Source data:
- Opening Delimiter -

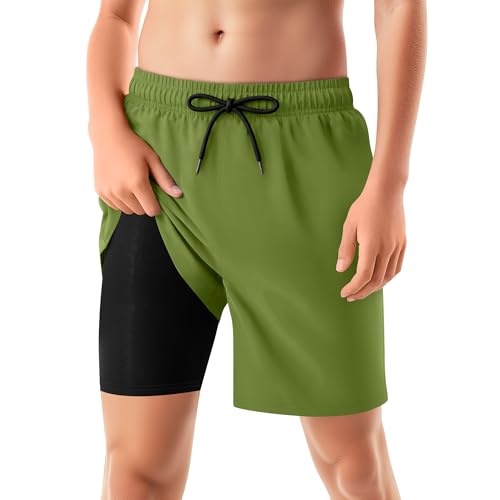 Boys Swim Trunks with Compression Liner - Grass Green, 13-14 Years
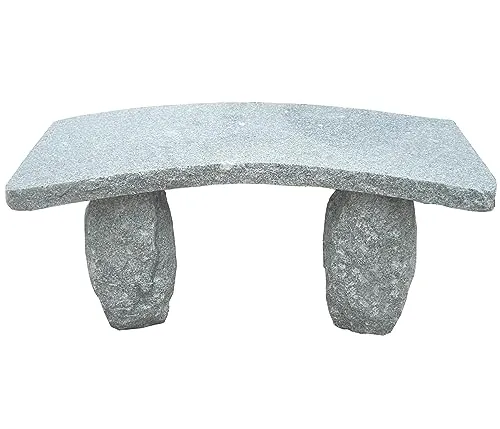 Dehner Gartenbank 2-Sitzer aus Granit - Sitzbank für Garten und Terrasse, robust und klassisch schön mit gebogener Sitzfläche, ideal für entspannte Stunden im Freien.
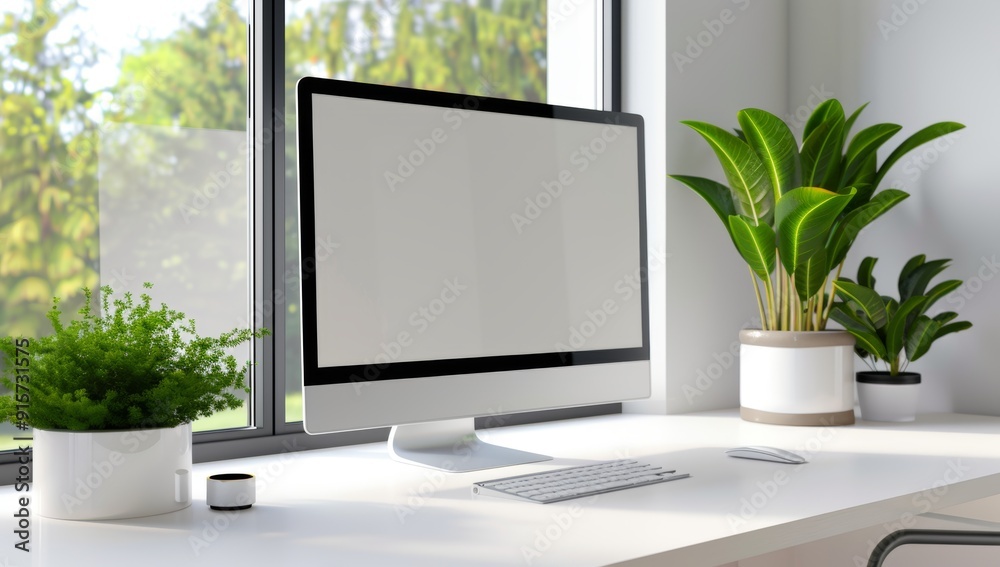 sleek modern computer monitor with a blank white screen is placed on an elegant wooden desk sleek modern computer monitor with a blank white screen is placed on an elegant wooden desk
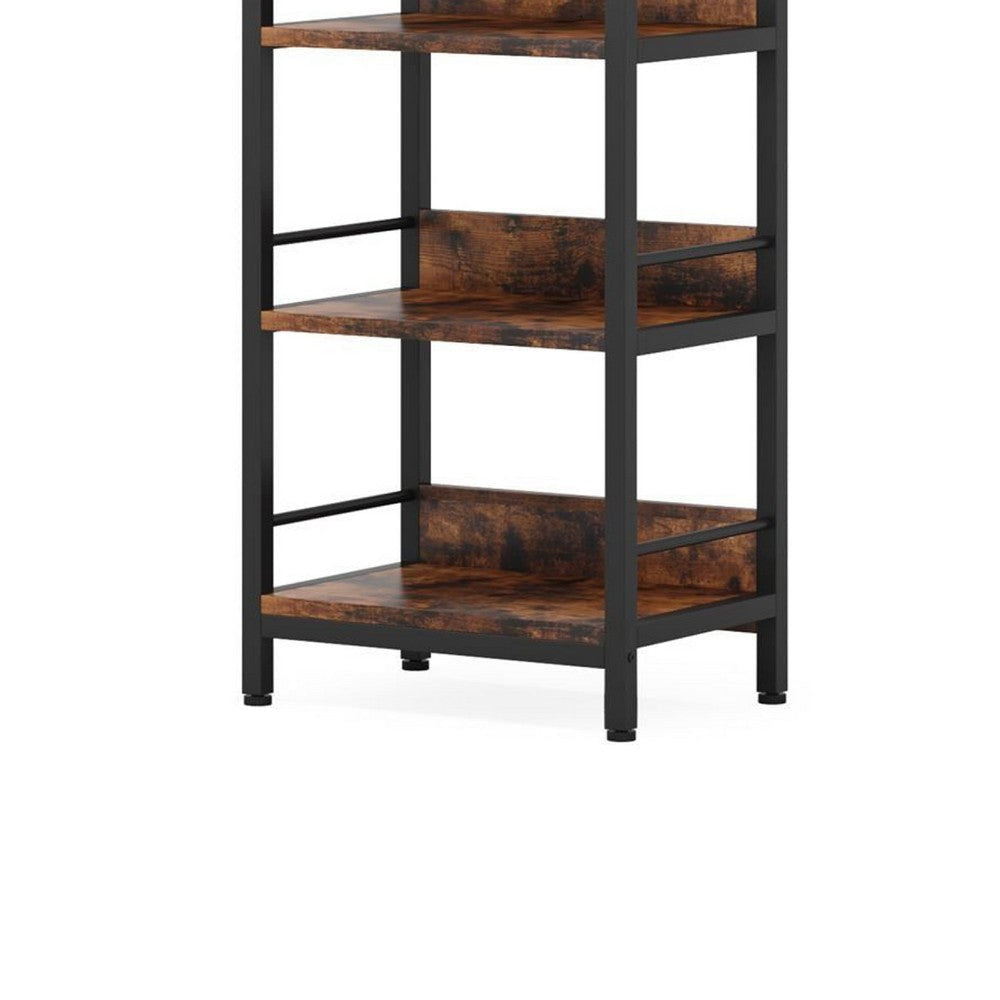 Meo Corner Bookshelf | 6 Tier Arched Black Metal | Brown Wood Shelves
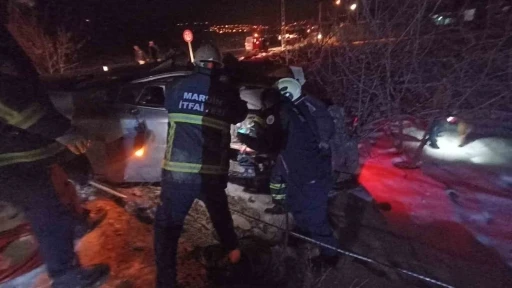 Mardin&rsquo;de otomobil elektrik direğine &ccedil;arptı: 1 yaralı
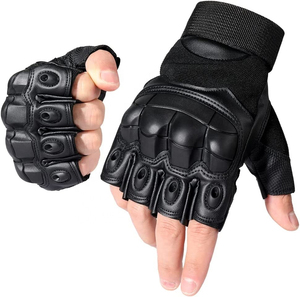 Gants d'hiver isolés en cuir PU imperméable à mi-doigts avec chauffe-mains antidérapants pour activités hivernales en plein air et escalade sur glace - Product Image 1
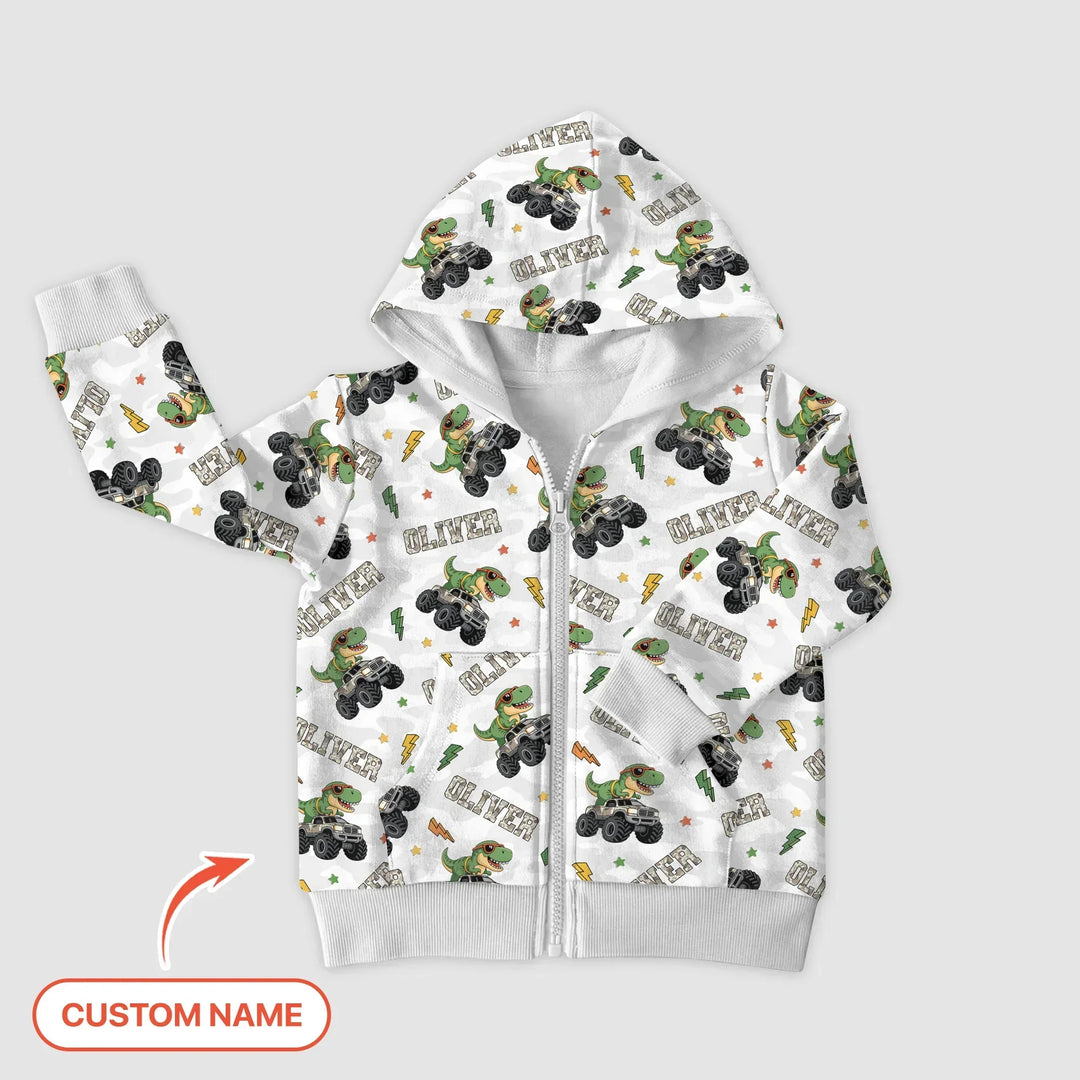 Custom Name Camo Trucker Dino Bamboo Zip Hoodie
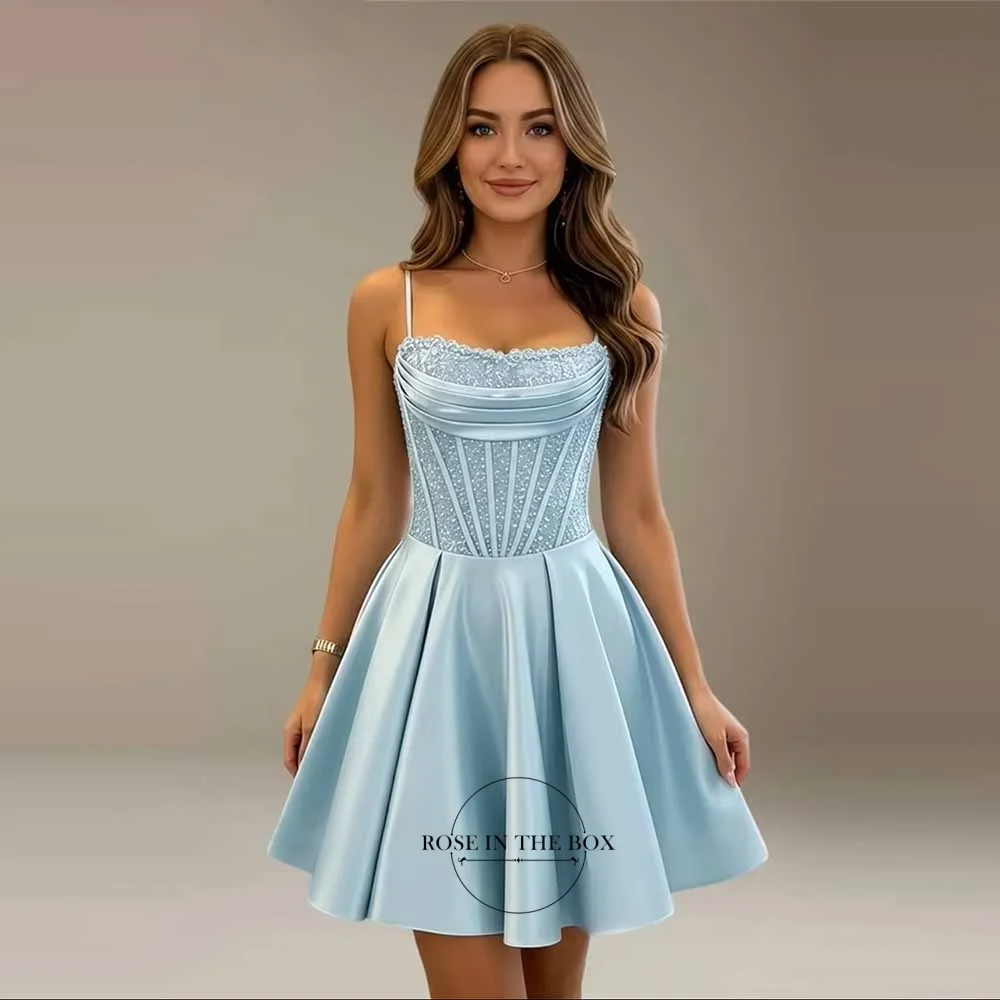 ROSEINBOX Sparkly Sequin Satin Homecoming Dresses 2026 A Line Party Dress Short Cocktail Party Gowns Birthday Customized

- Closing Delimiter -

**Required action**
Each line from the one containing "Dehner Gartenbank 2-Sitzer" down to the final line of the records above must be reproduced exactly; no pictures go into the copy.

**Task solution**
 Dehner Gartenbank 2-Sitzer aus Granit - Sitzbank für Garten und Terrasse, robust und klassisch schön mit gebogener Sitzfläche, ideal für entspannte Stunden im Freien.
 sleek modern computer monitor with a blank white screen is placed on an elegant wooden desk sleek modern computer monitor with a blank white screen is placed on an elegant wooden desk
 Meo Corner Bookshelf | 6 Tier Arched Black Metal | Brown Wood Shelves
 Mardin&rsquo;de otomobil elektrik direğine &ccedil;arptı: 1 yaralı
 Gants d'hiver isolés en cuir PU imperméable à mi-doigts avec chauffe-mains antidérapants pour activités hivernales en plein air et escalade sur glace - Product Image 1
 Custom Name Camo Trucker Dino Bamboo Zip Hoodie
 ROSEINBOX Sparkly Sequin Satin Homecoming Dresses 2026 A Line Party Dress Short Cocktail Party Gowns Birthday Customized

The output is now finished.